Les observateurs seront particulièrement attentifs à la situation en province de Liège, où la majorité PS-MR au pouvoir depuis le début des années '80 a été fortement ébranlée par l'affaire Publifin. Le président du collège André Gilles (PS), figure historique de Publifin, a été poussé à la démission et son remplaçant Paul-Emile Mottard a renoncé à se représenter à l'électeur.

D'autres personnalités provinciales dans les rangs MR et cdH ont aussi été bousculées.

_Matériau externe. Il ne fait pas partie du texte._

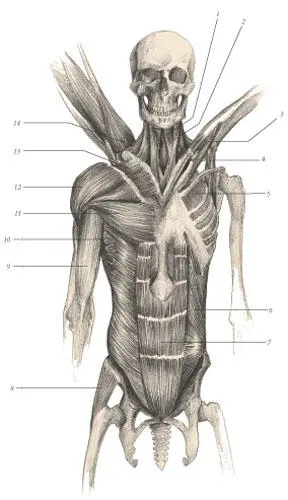 иллюстрация 8 1 Sternohyoideus 2 Sternocleidomastoideus 3 Pectoralis - фото 112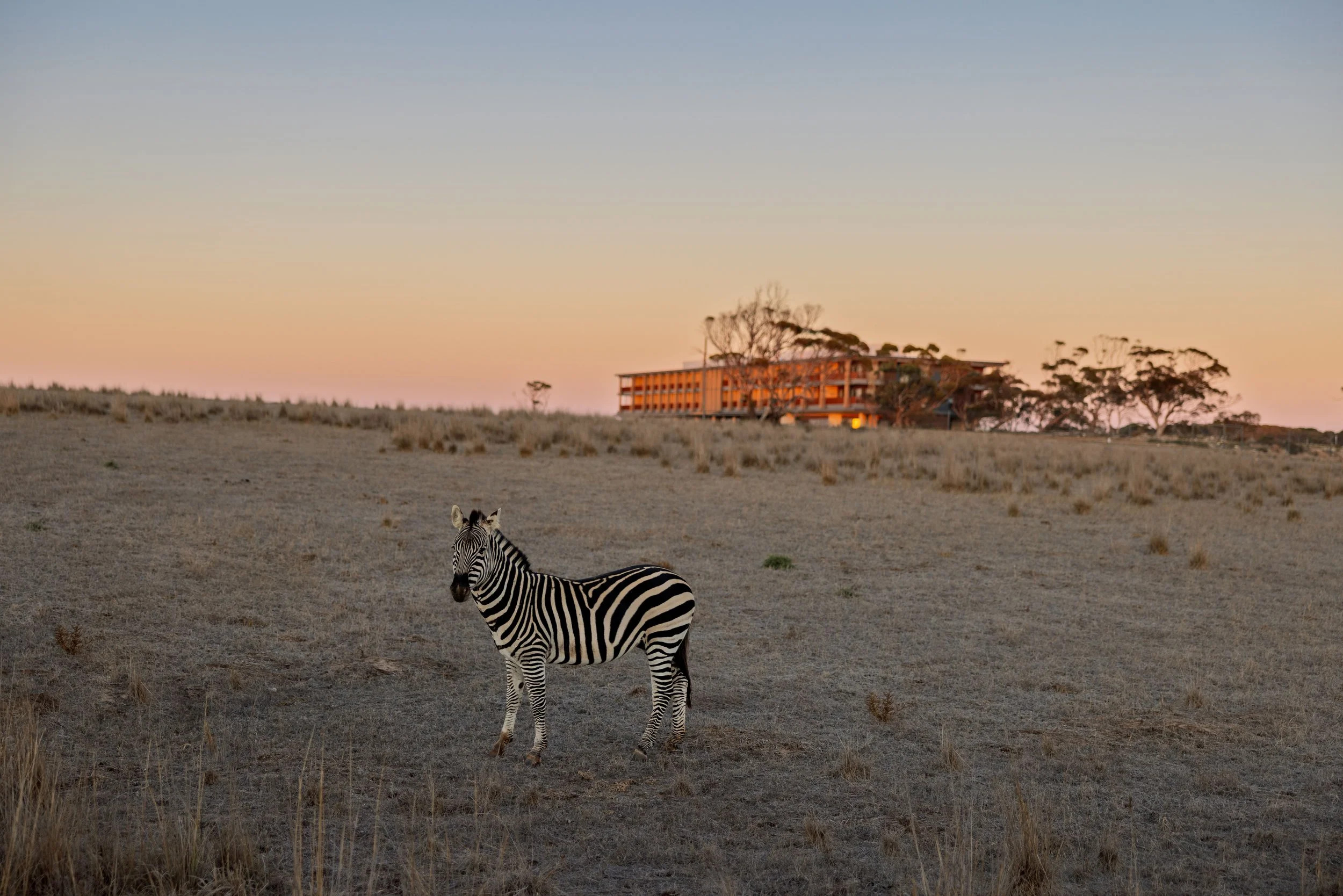 Twin Share room at Monarto Safari Resort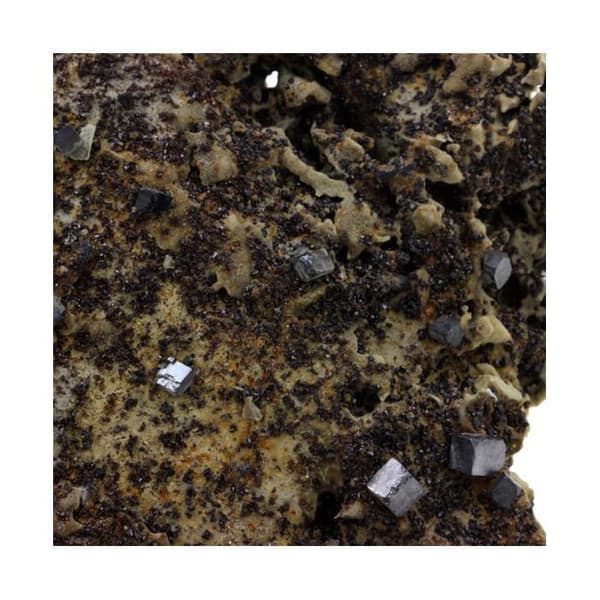 Stenar och Mineraler - ABIJOUX - Galen + Sphalerit - Tri-State Mining District, USA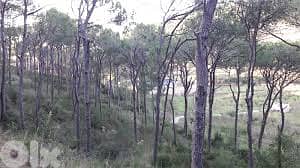 House With 4000Sq Land In Baabdat Mountain View , BDLN-122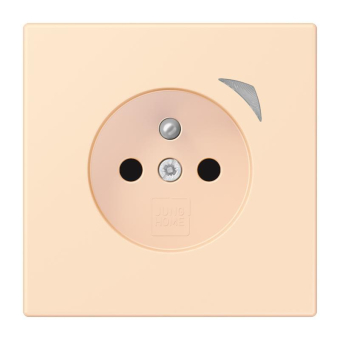 Jung JUNG HOME        BT LC 1521 F S 226 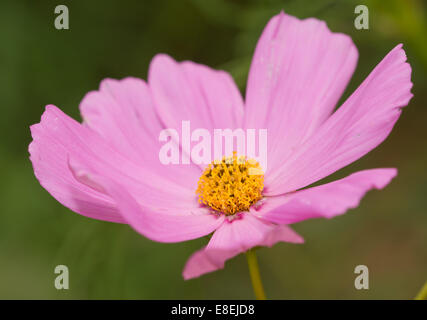 Primo piano di un bel colore rosa Cosmo fiore che sboccia in estate Foto Stock
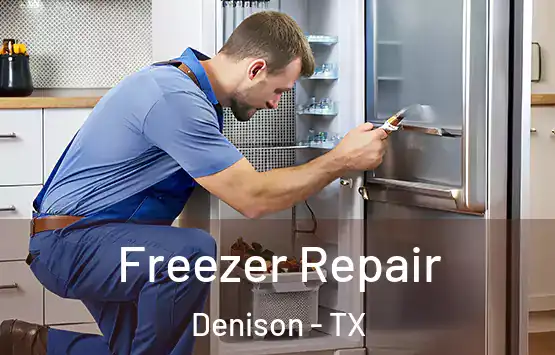  Freezer Repair Denison - TX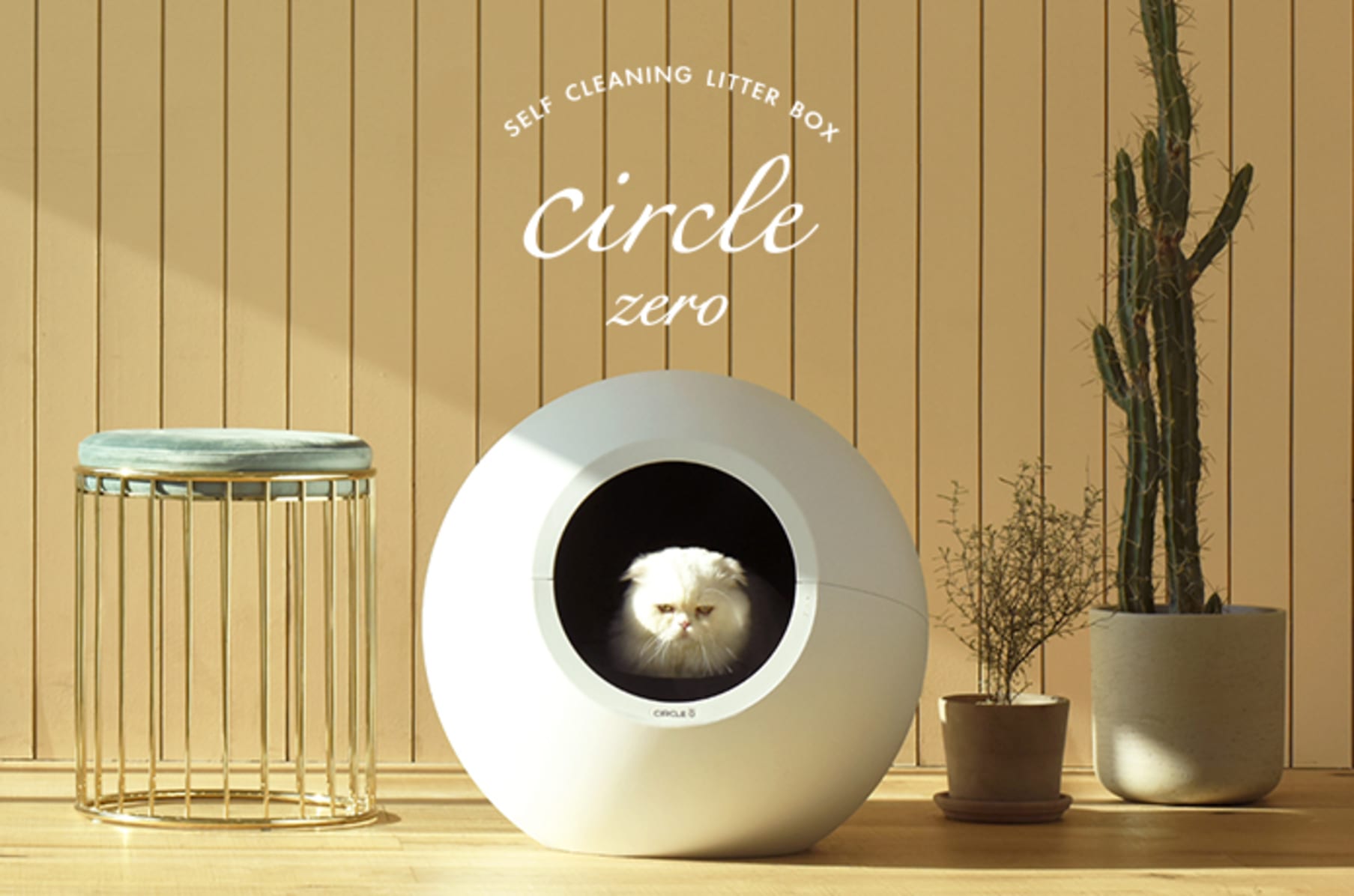 Circle zero litter outlet box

En province de Namur, MR et cdH pourraient chercher à renouveler leur majorité après avoir rejeté le PS dans l'opposition en 2012. L'alliance de centre-droit est déjà très présente dans la capitale wallonne, puisqu'elle dirige le gouvernement régional et la Ville.

En Hainaut, la forte domination du PS pourrait lui permettre, à l'issue du scrutin, de continuer de choisir son partenaire comme il l'avait fait en 2012 en reconduisant son alliance avec le MR. Les réformateurs bénéficient d'une domination similaire en Brabant wallon, ce qui leur avait permis en 2012 de choisir de retrouver le PS plutôt que de poursuivre avec Ecolo, avec qui ils avaient flirté les six années précédentes. Enfin, en province de Luxembourg, le faible écart séparant les trois grands partis donne à l'opposition MR l'espoir de faire basculer la majorité PS-cdH.